BULGER, BRUSCHI GET WORST DEALS OF '04
A league insider tells us that, in his opinion, the offseason contracts signed by Rams quarterback Marc Bulger and Pats linebacker Tedy Bruschi were the worst deals signed this year by NFL veterans.
Bulger's four-year, $19.1 million package in St. Louis (they guy's a quarterback, right?) is "a joke," the source said, explaining that some teams are using Bulger's contract as justification for lowballing players at other positions. Weeks after agent Tom Condon hit the motherlode with Peyton Manning's record-setting deal, Condon flat-out laid an egg with Bulger's contract.

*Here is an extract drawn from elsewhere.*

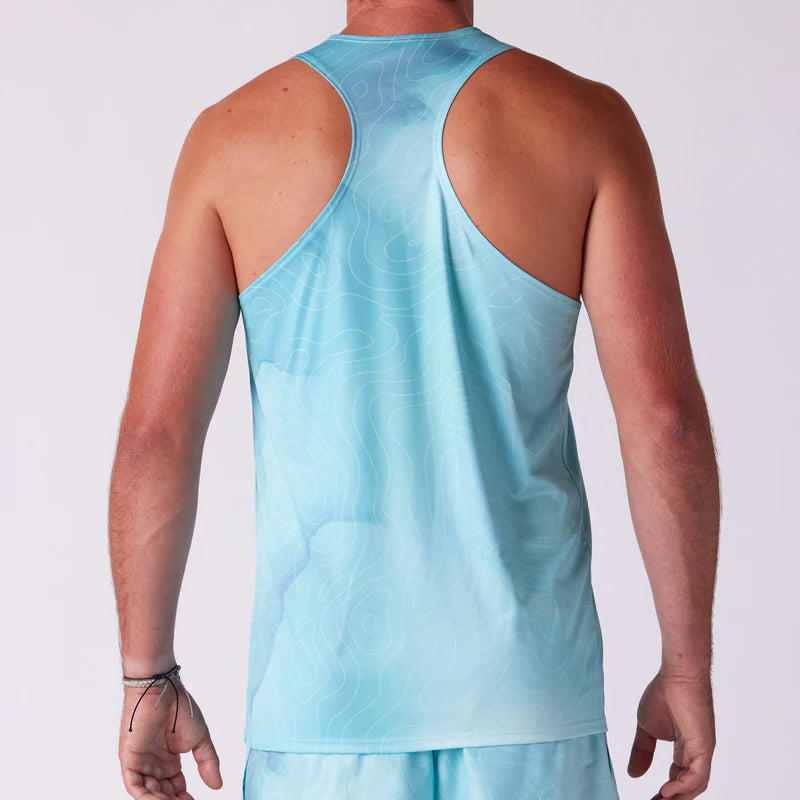 BOA Men's Competitor Lite Printed Singlet - Topographic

Sure, Bulger got a $9 million bonus, which isn't out of line with the bonus money received by guys like Tom Brady in 2002 ($10 million), Brett Favre in 2001 ($10 million) and even Kurt Warner in 2000 ($11.5 million). But the market for top-tier quarterbacks supposedly had changed dramatically, with Peyton Manning's $38 million hijack bonus in Indy, Donovan McNabb's $20 million bonus in Philly, and Daunte Culpepper's $16 million bonus in Minny.
Though Bulger likely thinks/hopes/prays that two or three more solid years will result in a much bigger contract, he should look no farther than his own rise to prominence as proof positive that, in the NFL, the gig can come crashing down without warning, as it essentially did for Warner two years ago.
And, in Warner's defense, at least he got paid handsomely (relative to the market at the time) before the wheels came off. If Bulger disintegrates within the next year or two, that $9 million signing bonus will have to go a looong way for a guys who's still fairly young. (Plus, Bulger's contract doesn't have features like the $6 million option bonus the Rams paid Warner prior to 2003, in which he played only one game, or the $1.2 million option bonus they paid him this year -- for the privilege of cutting him three months later.)
As to Bruschi, his four-year, $8.1 million deal translates to a lower per-year average ($2.025 million) than the contracts signed by Carlos Emmons in New York ($3.3 million), Dhani Jones in Philly ($2.7 million), and Barrett Green in New York ($2.6 million). Bruschi arguably is a better player than each of those three.
So what happened? The problem, as the insider explained it, is that Bruschi acts as his own agent. Sure, he avoids the three-percent fee that he would have paid to an agent. But based on the comparable deals signed by Emmons and Jones and Green, an experienced agent likely could have gotten Bruschi a significantly higher after-fee net deal.
And although it seems that the Patriots generally have good intentions, they've got a salary cap to manage and their objective is (as it should be) to sign as many players as possible to manageable (i.e., below market) deals.
They'd be stupid if they gave money way, regardless of whether a guy has no agent. That's why (even though we've got concerns about the current structure of the system, which rewards the agent only for getting a guy the most money, not for placing him on a winning team) every player should have an experienced, competent agent that is committed to getting him the best deal.
Players play and agents . . . um . . . agent. In the midst of increasingly intense offseason workouts and conditioning programs, did Bruschi really have the time or the knowledge to do all the things that a good agent would have done to ensure that he maximized his contract? It's doubtful.
And, again, we're not saying the Pats screwed Bruschi. If anything, the kid screwed himself by trying to go it alone. We're not saying he should hire the Postons next time around (which in our view is an alternative worse than going it alone) and we're not saying that every player needs an agent in every circumstance (e.g., Pats corner Terrell Buckley, who signed a one-year deal for the veteran minimum).